## Maximum Likelihood Principle (Copy of Book)
In the study of estimators, rather than guessing that some function might have a good estimator and then analysing its bias and variance, we would like to have some principle from which we can derive specific functions that are good estimators for different models. And the most common such principle is the Maximum Likelihood Principle. 

Consider a set of m example $ X=\lbrace x^{(1)},...,x^{(m)} \rbrace$ drawn independently from the ture but unknown data-generating distribution $ p_{data}(x)$.

Now let $p_{model}(x;\theta)$ be a parametric family of probability distributions over the same space indexed by $\theta$. In other words, $p_{model}(x;\theta)$ maps any configuration $x$ to a real number estimating the true probability $ p_{data}(x)$.

The maximum likelihood estimator for $\theta$ is then defined as

(5.56)
$$
\theta_{ML}=arg max\quad p_{model}(X;\theta)  
$$
(5.57)
$$
=arg max\prod_{i=1}^m p_{model}(x^{(i)};\theta) 
$$


However, this product over many probability can be inconvenient for various reason, for example, it is prone to numercial underflow.
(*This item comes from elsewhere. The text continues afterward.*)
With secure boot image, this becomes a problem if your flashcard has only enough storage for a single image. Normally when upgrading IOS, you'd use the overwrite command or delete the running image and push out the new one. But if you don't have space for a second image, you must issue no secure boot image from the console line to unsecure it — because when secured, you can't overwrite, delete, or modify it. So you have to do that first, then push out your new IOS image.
To obtain a more convenient but equivalent optimization problem, we observe that taking the logarithm (log operation) of the likelihood does not change its arg max but does conveniently transform a product into a sum:

(5.58)
$$
\theta_{ML}=arg max\sum_{i=1}^m log p_{model}(x^{(i)};\theta)
$$

Moreover, because the arg max does not change when we rescale the cost function, we can divide by $m$ to obtain a version of the criterion that is expressed as an exceptation which respect to the empirical distribution $\hat p_{data}$ defined by the training data:

(5.59)
$$
\theta_{ML}=arg max E_{x\sim\hat p_{data}} log p_{model}(x^{(i)};\theta)
$$

## KL Divergence(Copy of Book)

One way to interpret maximum likelihood estimation is to view it as minimizing the dissimilarity between the empirical distribution $\hat p_{data}$, defined by the training set and the model distribution, with the degree of dissimilarity between the two measured by the **KL Divergence**. The KL divergence is given by 

(5.60)
$$
D_{KL}(\hat p_{data}||p_{model})=E_{x\sim\hat p_{data}} [log \hat p_{data}(x)-log p_{model}(x)]
$$

The term on the left is a function only of the data-generating process, not the model. This means when we train the model to minimize the KL divergence, we need only minimize  $-E_{x\sim\hat p_{data}}[log p_{model}(x)]$ (5.61)which is of course the same as the maximization in equation of (5.59):

We can thus see maximum likelihood as an attempt to make the model distribution match the empirical distribution $\hat p_{data}$, but we have no direct access to this distribution. 

While the optimal $\theta$is the same regardless of whether we are maximizing the likelihood or minimizing the KL dicergence, **the value of the objective functions are different.** In software, we often phrase both as minimizing a cost function. Maximum likelihood thus becomes minimization of the negative log-likelihood(NLL), or equivalently, minization of the cross-entropy. The perspective of maximum likelihood as minimum KL divergejce becomes helpful in this case bacuase the KL divergence has a known minimium value of zero. The negative log-likelihood can actually become negative when $x$ is real-valued. 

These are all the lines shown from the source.